Presently, with the rising cost of living, few people can survive being a traditional family – it takes two incomes to make ends meet. Fathers and mothers, alike, trudge off to their jobs, leaving kids alone or in child care facilities, to be raised by others. The cost of the child care almost defeats the purpose of working, but for that little extra income, families grit their teeth, dig in their heels and get to work. After work, too tired to cook, it's fried chicken, or pizza, or whatever other meal can be concocted from the stack of take-out menus. It's a rather gloomy process.
I've always admired the art of the traditional family. Of course, my mind has been poisoned into submission by television programs like “Happy Days” that made the traditional family seem so perfectly … perfect. I know families struggled back then – even more so than today, despite the modern-day expenses we pay for satellite television, internet usage, and cellphones, but one thing that wasn't missing – in my own family, at least - was the comfort of knowing that there would always be someone at home. I remember walking in the door, the savoury scent of pot roast greeting me like a warm hug. Not too many years later, I would get home and pop a pizza pocket into the microwave.
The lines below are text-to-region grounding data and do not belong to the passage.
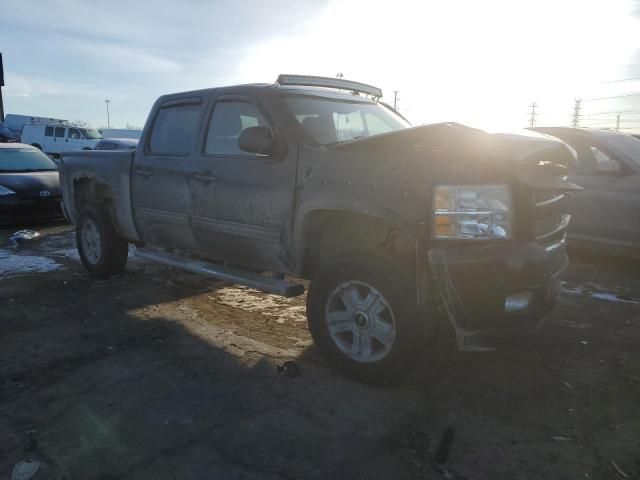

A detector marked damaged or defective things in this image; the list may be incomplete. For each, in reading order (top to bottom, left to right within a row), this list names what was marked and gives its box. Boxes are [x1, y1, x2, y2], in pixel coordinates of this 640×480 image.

damaged pickup truck [60, 74, 580, 382] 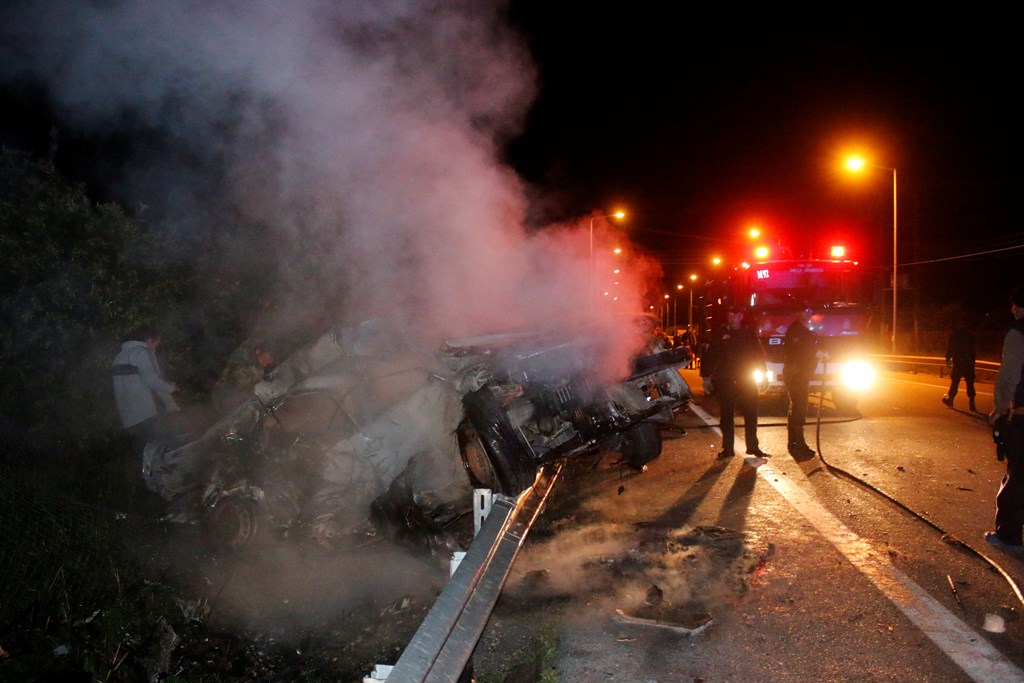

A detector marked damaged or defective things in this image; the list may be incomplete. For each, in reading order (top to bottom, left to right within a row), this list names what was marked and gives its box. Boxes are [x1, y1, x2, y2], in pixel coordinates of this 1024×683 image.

wrecked car [142, 321, 688, 548]
burnt car wreckage [140, 321, 692, 548] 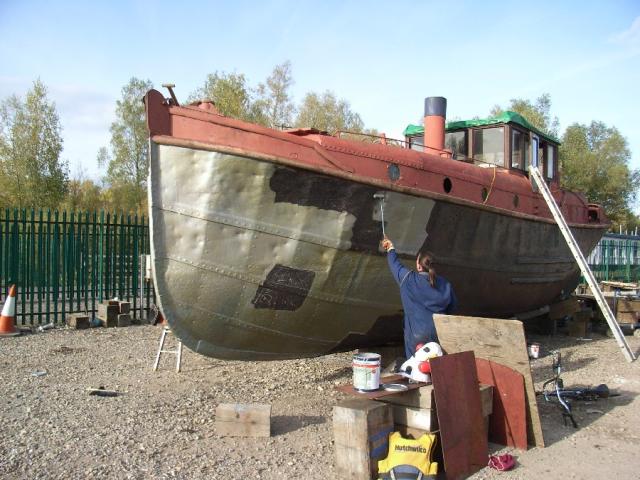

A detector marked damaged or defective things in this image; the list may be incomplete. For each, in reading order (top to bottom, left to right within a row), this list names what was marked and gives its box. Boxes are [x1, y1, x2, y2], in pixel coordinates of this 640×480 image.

peeling paint patch [254, 264, 316, 310]
rusty red hull [145, 91, 608, 360] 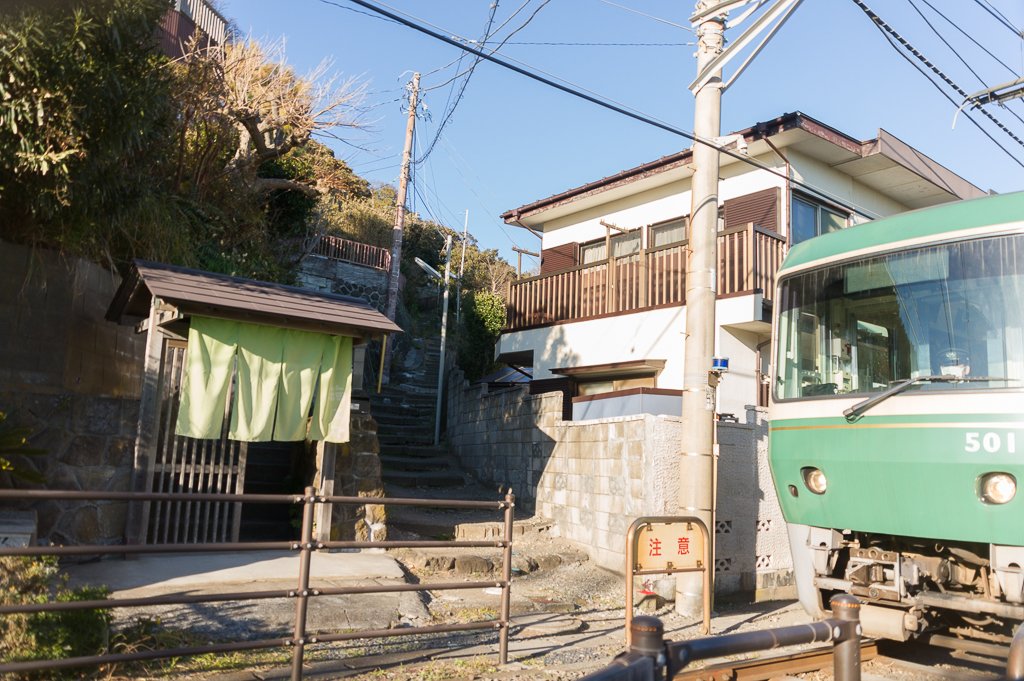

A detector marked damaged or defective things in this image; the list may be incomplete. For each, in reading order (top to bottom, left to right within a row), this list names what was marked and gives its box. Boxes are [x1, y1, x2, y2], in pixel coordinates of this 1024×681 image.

rusty metal railing [0, 485, 516, 675]
rusty metal railing [581, 593, 860, 679] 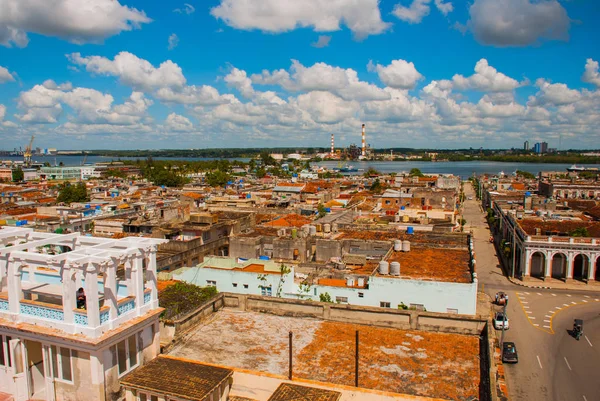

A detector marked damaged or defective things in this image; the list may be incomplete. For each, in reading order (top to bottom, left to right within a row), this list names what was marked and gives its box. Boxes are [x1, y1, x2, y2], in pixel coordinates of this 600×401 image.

rusty roof [120, 354, 233, 398]
rusty roof [268, 382, 340, 400] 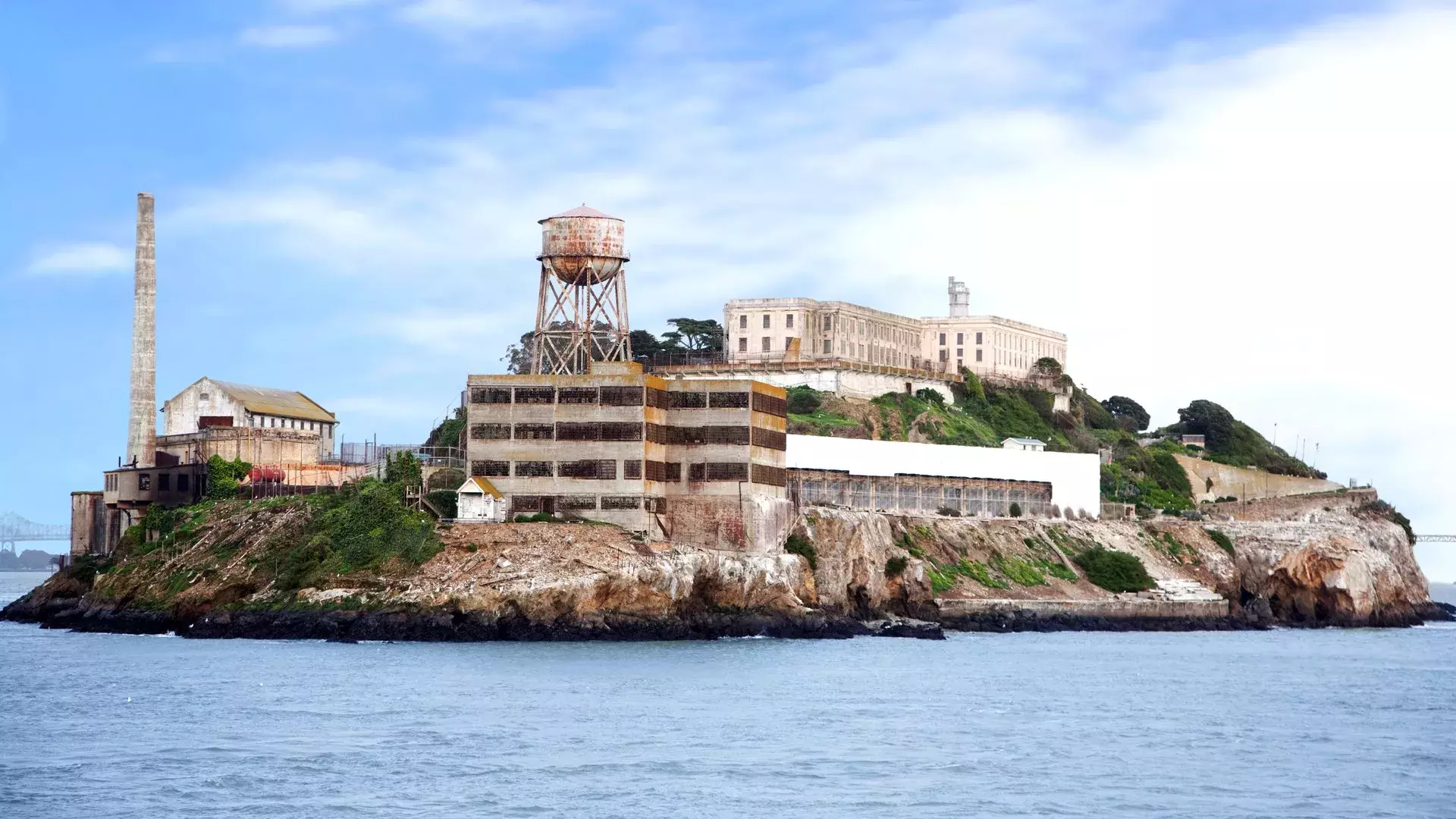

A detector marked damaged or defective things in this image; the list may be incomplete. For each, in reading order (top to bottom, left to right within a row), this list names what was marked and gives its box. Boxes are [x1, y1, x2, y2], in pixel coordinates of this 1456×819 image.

rusty water tower [532, 204, 629, 372] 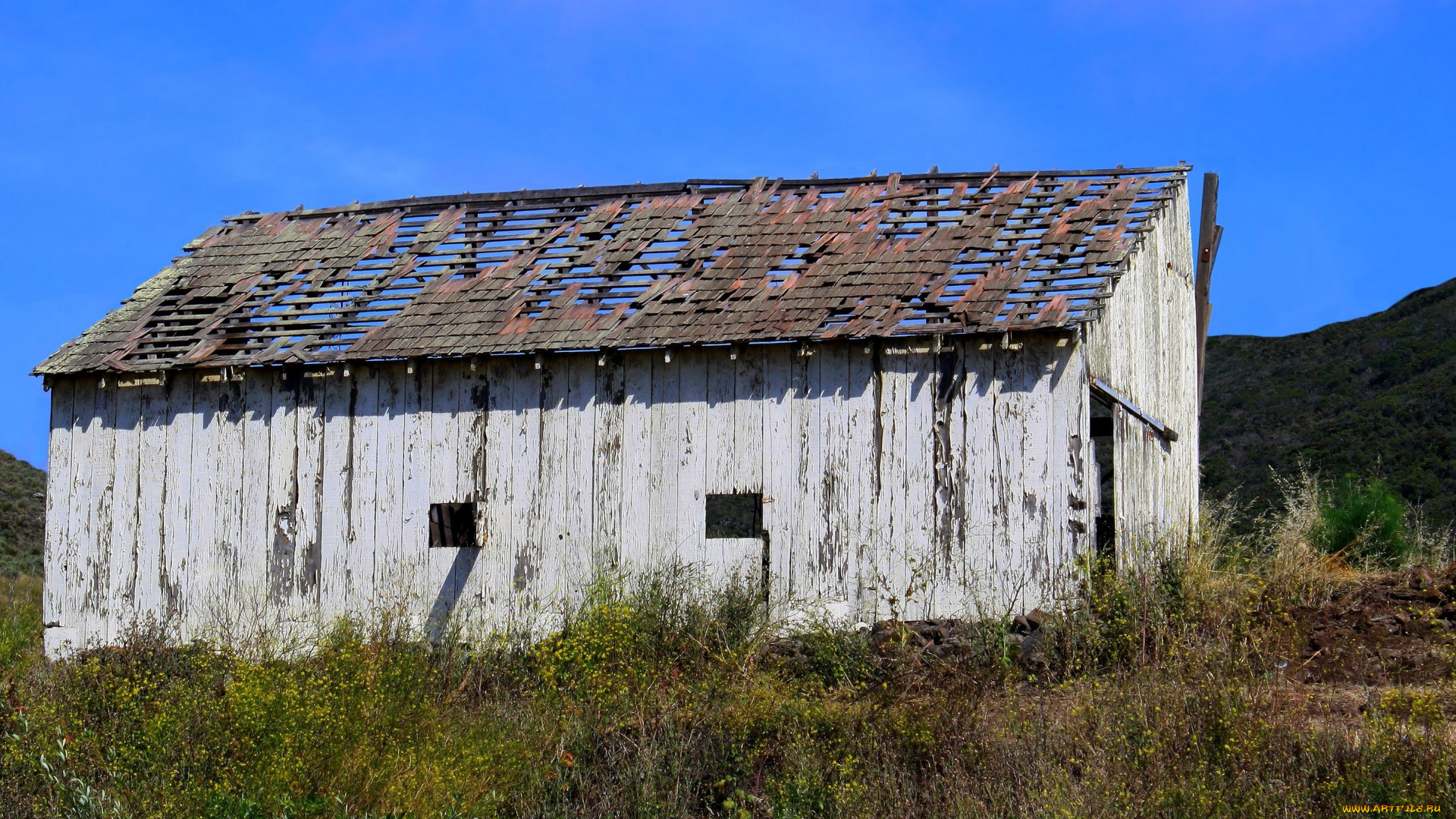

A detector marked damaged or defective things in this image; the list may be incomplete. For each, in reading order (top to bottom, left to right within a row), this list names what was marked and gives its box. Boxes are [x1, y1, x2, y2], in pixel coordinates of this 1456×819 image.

white peeling paint siding [39, 332, 1094, 650]
damaged shingle roof [36, 166, 1182, 372]
white peeling paint siding [1083, 179, 1194, 565] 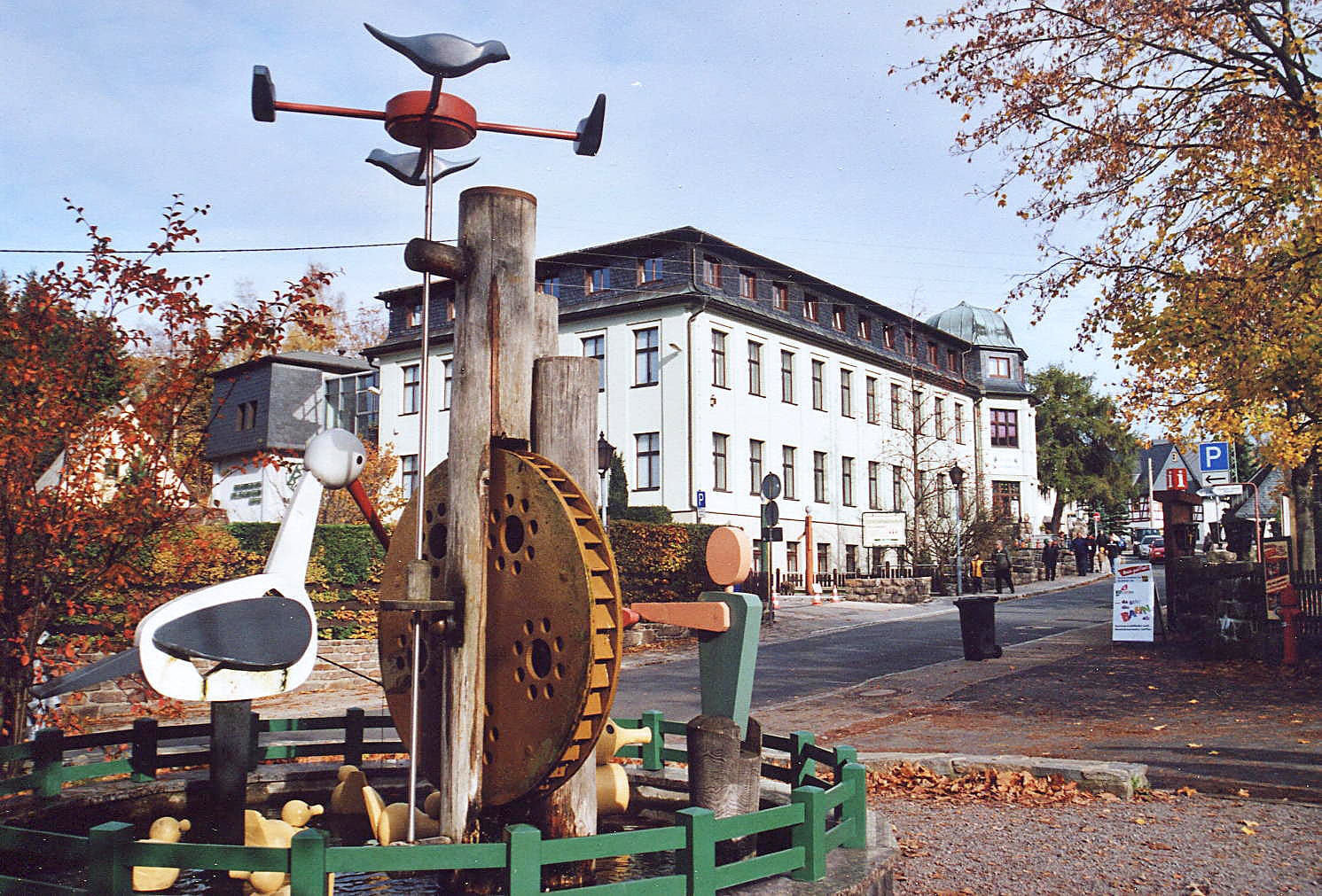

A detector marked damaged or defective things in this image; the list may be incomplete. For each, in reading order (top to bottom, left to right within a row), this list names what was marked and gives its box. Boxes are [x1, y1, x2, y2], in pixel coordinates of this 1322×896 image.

rusty gear wheel [372, 448, 618, 808] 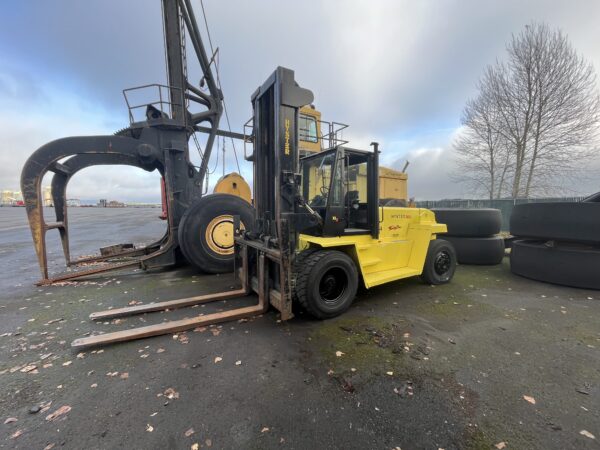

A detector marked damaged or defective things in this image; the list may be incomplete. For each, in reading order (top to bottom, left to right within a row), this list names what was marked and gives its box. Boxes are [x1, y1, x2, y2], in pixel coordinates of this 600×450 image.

rusty crane attachment [20, 0, 239, 284] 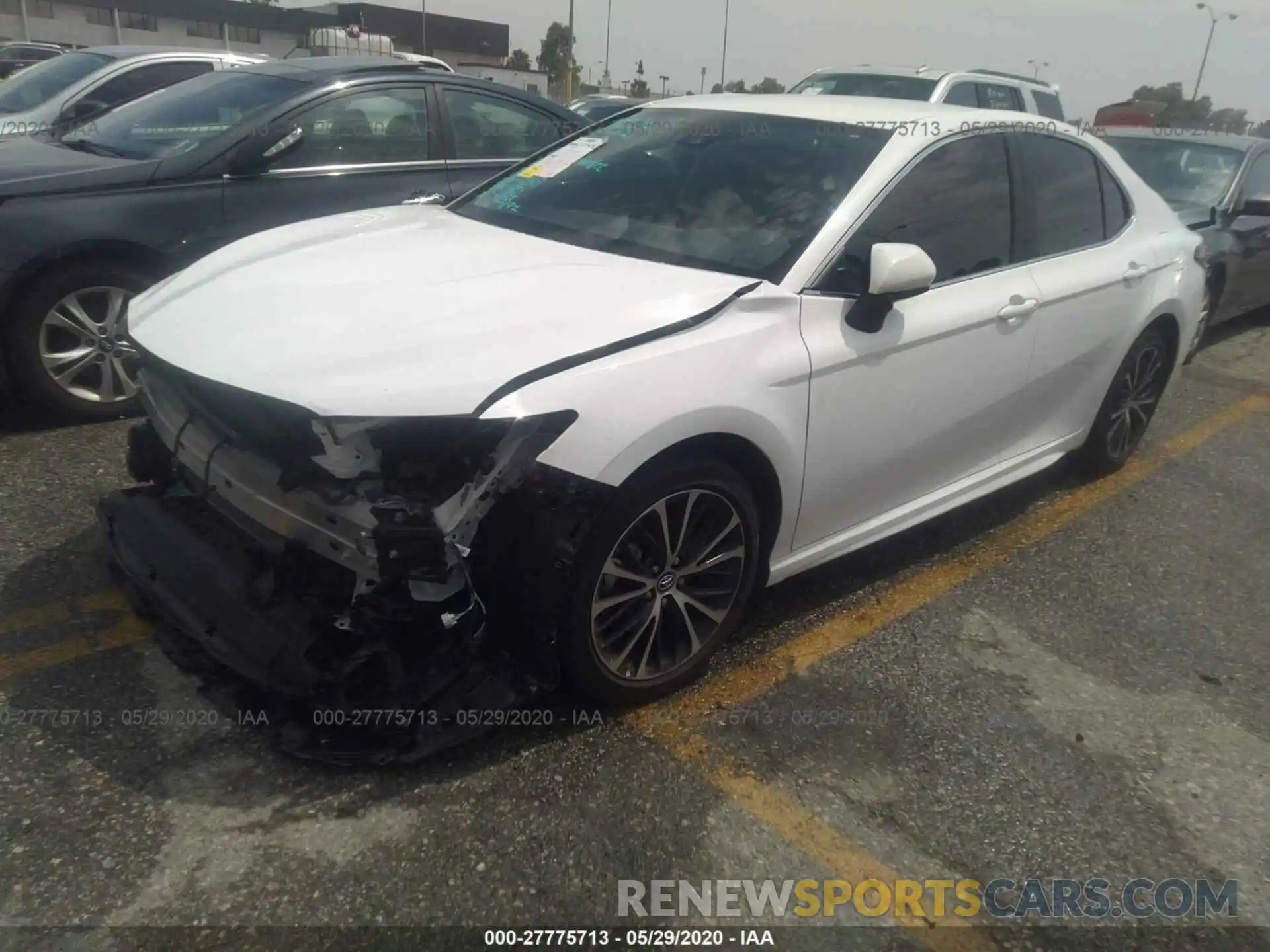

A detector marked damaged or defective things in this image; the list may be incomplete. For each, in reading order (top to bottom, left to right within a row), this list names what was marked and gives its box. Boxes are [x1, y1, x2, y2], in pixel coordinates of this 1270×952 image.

crumpled hood [129, 205, 762, 418]
damaged bumper [102, 360, 609, 762]
front-end collision damage [105, 368, 611, 767] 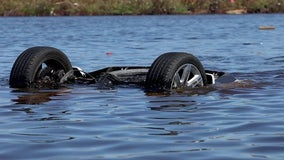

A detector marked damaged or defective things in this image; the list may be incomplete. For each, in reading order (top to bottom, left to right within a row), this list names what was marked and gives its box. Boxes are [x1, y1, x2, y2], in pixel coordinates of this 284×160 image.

overturned car [8, 46, 235, 91]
Am I saying mothers should stay home? Absolutely not! I'm all for equality and allowing women to become successful in the workforce … women, in general, have fought too hard and long for that right, but that's just not me. I am one of the fortunate ones because I work from home. I'm here when my children get off the school bus, and because I am privileged, I can make sure that they are greeted with the comforting aroma of a home-cooked meal, or at the very least, a warm hug and a “welcome home”.